Possibly.  Unless they go on an NHS waiting list.  

They can go for hundreds.  There are manboys with a lot of pocket money out there.

Plus there's the Video Game Authority quality grading service too.  Can bump the price up further.


----------



## Kid_Eternity (Jun 8, 2011)

Crispy said:


> SNES has some of the best nintendo games ever. Super Mario World, Zelda: Link to the Past, F-Zero, Starfox. So many more. They're still excellent games (although better played on emulators these days IMO, for instant save/load if nothing else)


 
The SNES is my gaming glory days in a lot of ways, it was so much more than what was else around at the time for the price, it was also the last time I had the time to spend 12 hours gaming at a time.


----------



## ATOMIC SUPLEX (Jun 8, 2011)

Sealed as in in the wrap?

I have all the boxes of course. 
A few years back I did by a fully sealed copy chostbusters on the VCS.


----------



## geminisnake (Jun 8, 2011)

Crispy said:


> SNES has some of the best nintendo games ever. Super Mario World, Zelda: Link to the Past, F-Zero, Starfox. So many more. They're still excellent games (although better played on emulators these days IMO, for instant save/load if nothing else)


 
You can play SNES games and SAVE now??? Feck that would have been a handy feature all those yrs ago. The hours I wasted on Jurassic Park. We took it in turns to play one night(most of the night) and still didn't manage to finish the sodding thing!!


----------



## ATOMIC SUPLEX (Jun 8, 2011)

I thought you could save. They had a battery memory chip in some games. 
Or did they?


----------



## UnderAnOpenSky (Jun 8, 2011)

ATOMIC SUPLEX said:


> Shit I just looked at the boxes of the games.
> £35 for super bomber man, I thought "what the fuck was I thinking" Until I saw . . .
> 
> £75 for lethal Enforcers
> ...


 
This was why I had an amiga and a second disk drive.


----------



## Captain Hurrah (Jun 8, 2011)

ATOMIC SUPLEX said:


> Sealed as in in the wrap?
> 
> I have all the boxes of course.
> A few years back I did by a fully sealed copy chostbusters on the VCS.

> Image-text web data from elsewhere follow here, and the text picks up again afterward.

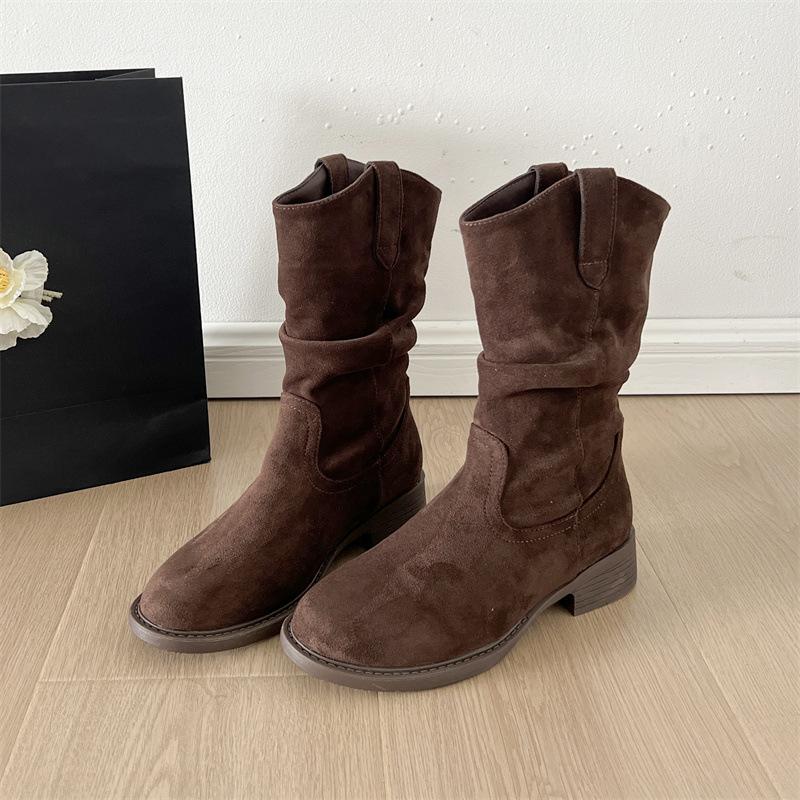 Vintage Women Western Cowboy Boots Autumn Ladies Elegant Mordern Mid Calf Botas Zapatos De Mujer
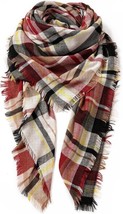 Women&#39;s Fall Winter Scarf Scarves for Women Gifts Plaid Blanket Scarf (Beige) - £9.28 GBP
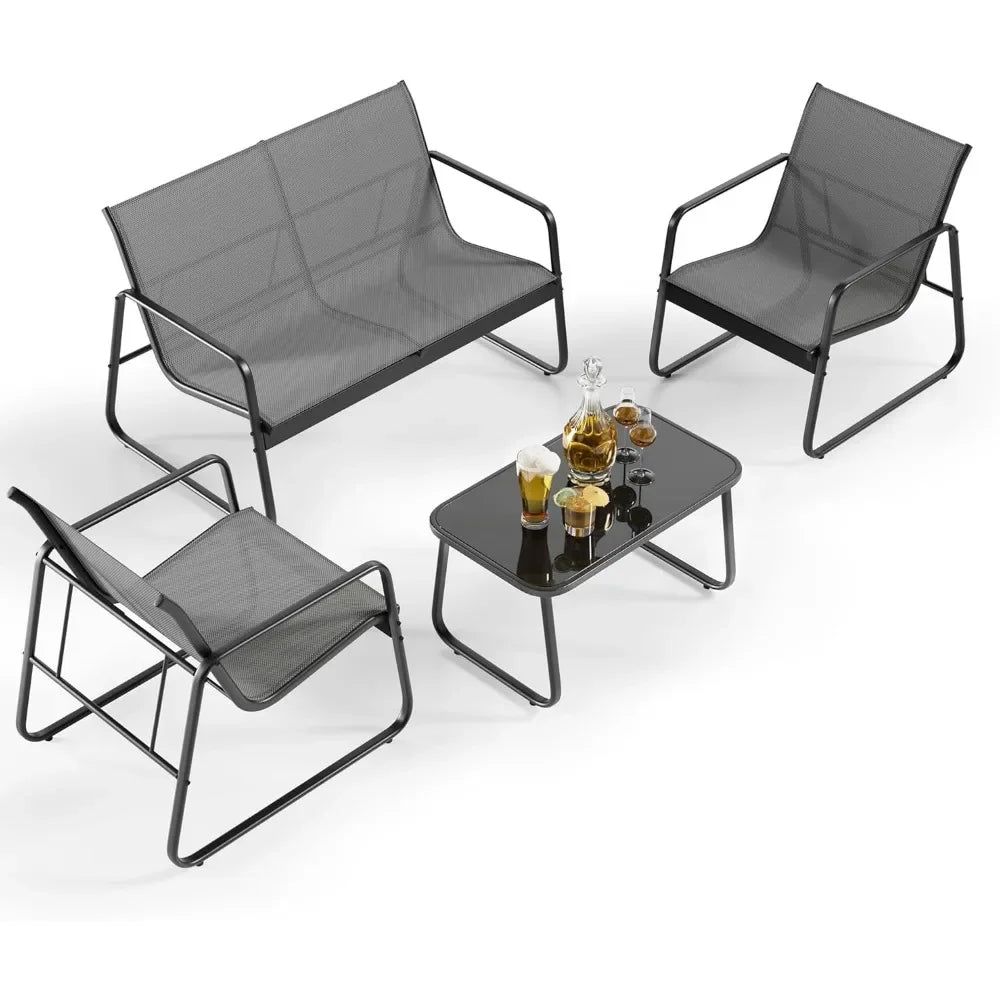 Patio Furniture Set with Glass Coffee Table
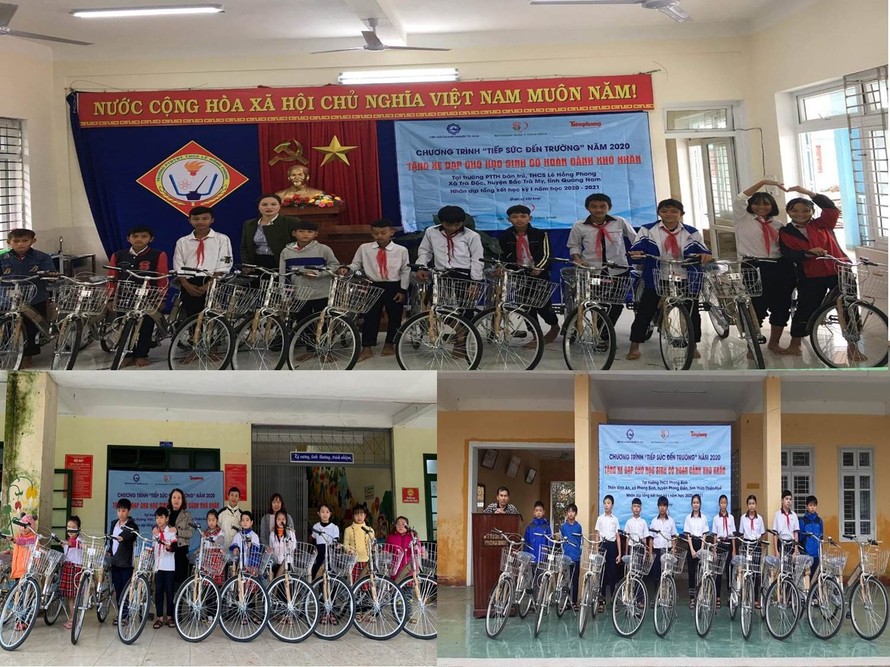 Trao 40 chiếc xe đạp tiếp sức đến trường cho học sinh vùng bão lũ miền Trung
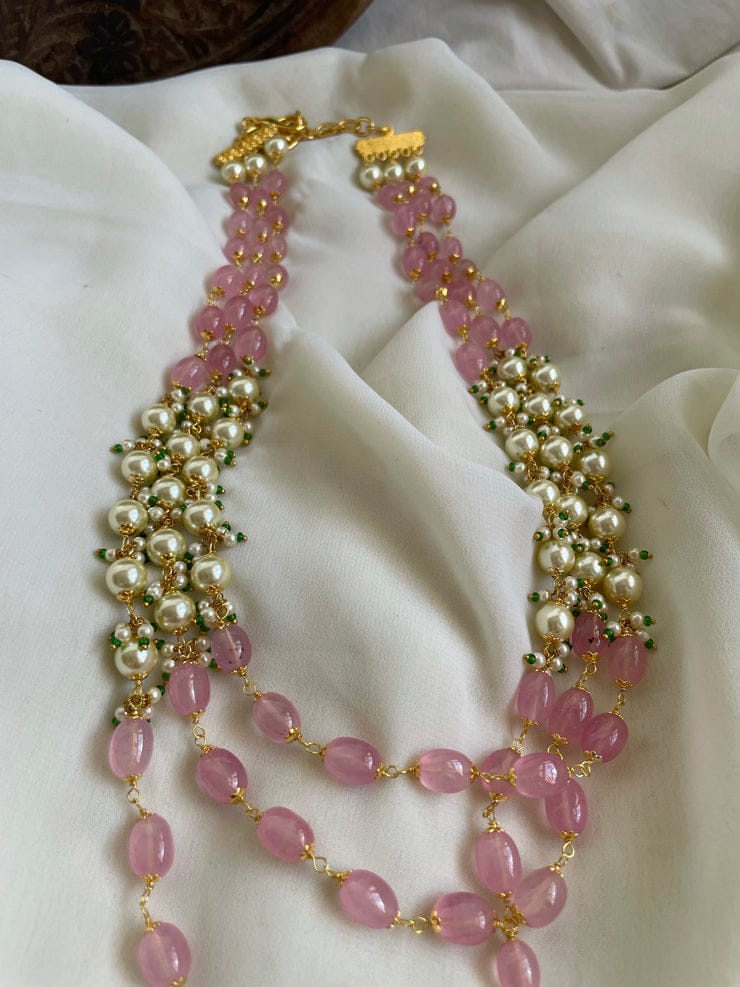 3 layer Pink bead maala with pearls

Yeah.  Still factory-sealed, with the Nintendo red strip, depending on region.  Some opened games, if complete in box, can fetch a lot of money too (a couple of hundred, even more), for thirty-odd year old geeks with considerable disposable income.

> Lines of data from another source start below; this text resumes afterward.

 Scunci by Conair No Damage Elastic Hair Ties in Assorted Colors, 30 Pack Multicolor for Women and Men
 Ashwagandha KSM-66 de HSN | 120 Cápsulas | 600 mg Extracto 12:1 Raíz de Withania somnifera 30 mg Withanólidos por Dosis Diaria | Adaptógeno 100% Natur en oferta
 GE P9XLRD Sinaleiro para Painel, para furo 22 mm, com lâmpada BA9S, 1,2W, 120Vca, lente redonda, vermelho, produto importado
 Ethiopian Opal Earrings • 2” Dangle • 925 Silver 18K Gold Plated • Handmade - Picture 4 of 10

I got myself a famiclone console ages ago, and have bought a fair few old Famicom games on eBay (I find the coloured carts pleasing to look at too), but would never pay through the nose for a game.  And would never buy a game I wasn't going to play.  Famicom and Super Famicom games never came factory sealed though, not that I'm particularly bothered about that.


----------



## Addy (Jun 8, 2011)

That is why I had a Snes and a Super Wildcard disk drive ;-)

... i also had an Amiga


----------



## Crispy (Jun 8, 2011)

ATOMIC SUPLEX said:


> I thought you could save. They had a battery memory chip in some games.
> Or did they?


 
Some games had basic save, but with emulators, you can freeze the action at any time and return to that frozen state at will.


----------



## ATOMIC SUPLEX (Jun 9, 2011)

Meh, it's not the same.


----------



## Crispy (Jun 9, 2011)

Yeah, but you're not a kid anymore, with countless hours spare time to battle through lengthy sections over and over to get to the next save point. If you've only got 30 minutes free, quicksave is a godsend


----------



## ATOMIC SUPLEX (Jun 9, 2011)

I had a simple solution as a child, I would give up. I've never really stuck around until the end of a game. It's just not that interesting. 

Actually I am not sure I would have counted myself as a 'kid' during my super nintendo run, I was in my 20s.


----------



## Kid_Eternity (Jun 10, 2011)

Crispy said:


> Yeah, but you're not a kid anymore, with countless hours spare time to battle through lengthy sections over and over to get to the next save point. If you've only got 30 minutes free, quicksave is a godsend


 
This /\/\/\ times a billion.


----------